Ma le aziende statali cinesi danno solo molto lavoro e servono a produrre, in perdita, materiali (es. acciaio, alluminio) per far prosperare altri segmenti dell'economia. La crescita cinese è dovuta principalmente alle aziende private.
Quando la Cina era fortemente sotto il controllo statale, prima di Deng Xiaoping, non c'era prosperità.
Ma quindi il fatto che per la prima volta nella liste delle prime 500 compagnie al mondo la maggioranza sia cinese (e siano tutte pubbliche) è perché producono tutte acciaio a basso costo?

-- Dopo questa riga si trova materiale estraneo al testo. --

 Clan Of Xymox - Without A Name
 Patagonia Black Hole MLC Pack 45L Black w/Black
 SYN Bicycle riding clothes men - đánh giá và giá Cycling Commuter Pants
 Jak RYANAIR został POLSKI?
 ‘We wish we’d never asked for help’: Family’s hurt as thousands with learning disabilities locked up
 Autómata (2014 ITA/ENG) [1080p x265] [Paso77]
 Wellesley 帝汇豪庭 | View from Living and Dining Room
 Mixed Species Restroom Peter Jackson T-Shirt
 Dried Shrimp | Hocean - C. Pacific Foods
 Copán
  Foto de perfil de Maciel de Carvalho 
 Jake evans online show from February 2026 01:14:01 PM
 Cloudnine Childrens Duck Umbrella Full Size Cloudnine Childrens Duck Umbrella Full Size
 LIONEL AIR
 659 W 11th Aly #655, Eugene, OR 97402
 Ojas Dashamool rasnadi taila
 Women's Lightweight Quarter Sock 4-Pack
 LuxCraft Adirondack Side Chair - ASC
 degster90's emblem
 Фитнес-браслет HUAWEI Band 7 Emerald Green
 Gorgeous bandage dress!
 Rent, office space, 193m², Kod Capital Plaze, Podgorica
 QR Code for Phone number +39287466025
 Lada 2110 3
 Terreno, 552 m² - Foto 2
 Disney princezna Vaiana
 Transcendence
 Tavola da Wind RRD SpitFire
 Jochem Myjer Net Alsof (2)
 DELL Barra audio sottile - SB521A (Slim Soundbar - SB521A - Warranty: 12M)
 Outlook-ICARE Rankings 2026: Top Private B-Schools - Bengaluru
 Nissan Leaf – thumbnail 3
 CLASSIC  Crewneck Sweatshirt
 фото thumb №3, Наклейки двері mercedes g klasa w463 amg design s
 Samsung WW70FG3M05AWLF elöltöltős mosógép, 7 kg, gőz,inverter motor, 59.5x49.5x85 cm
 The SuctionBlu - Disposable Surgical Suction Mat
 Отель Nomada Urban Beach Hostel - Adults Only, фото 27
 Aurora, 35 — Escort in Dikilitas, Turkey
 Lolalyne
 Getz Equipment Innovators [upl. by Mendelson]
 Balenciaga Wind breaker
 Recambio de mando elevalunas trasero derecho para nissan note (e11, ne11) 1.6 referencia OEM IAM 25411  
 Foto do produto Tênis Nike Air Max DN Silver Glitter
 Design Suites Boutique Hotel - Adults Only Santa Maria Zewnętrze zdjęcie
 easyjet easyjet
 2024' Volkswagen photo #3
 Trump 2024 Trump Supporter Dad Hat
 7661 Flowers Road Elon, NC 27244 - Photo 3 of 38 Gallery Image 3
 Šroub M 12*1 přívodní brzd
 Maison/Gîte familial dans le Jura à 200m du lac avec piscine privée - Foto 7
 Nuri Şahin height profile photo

Detto ciò, le uniche aziende italiane che sono in grado di giocare ad armi pari con le grandi multinazionali anglosassoni sono Leonardo, Fincantieri, ENI ed ENEL. Guarda caso tutte a maggioranza pubblica (cioè ciò che resta della grande industria di stato italiana smantellata e svenduta ad inizio anni '90).
Un altro contributo per capire meglio la realtà cinese ed evitare stereotipi (è in inglese ed è lunghetto e soprattutto non è aggiornatissimo, dal 2013 ad oggi ci sono stati ulteriori cambiamenti soprattutto con il "discorso di natale" di due anni fa, ma ne vale la pena)
TFP Link :: https://monthlyreview.org/2013/03/01/china-2013/?fbclid=IwAR0WWJLP97bDIvGJJjWkPL7me9lyUZFnAg3ZZBzdJQ0ziZbjbyHlbG9FcMsDetto a scanso di equivoci: il modello cinese rimane autoritario ed ha introiettato, almeno nella sua prima fase, alcuni elementi tossici come lo sfruttamento dei lavoratori, ma si sta trasformando molto rapidamente. E, cmq, io non voglio la Cina in Italia, voglio che si ritorni, molto banalmente, ad un modello di economia mista nel quale il pubblico è prominente rispetto al privato, ovvero il modello che ha trainato in occidente i "trenta gloriosi" fra il 1946 ed il 1976.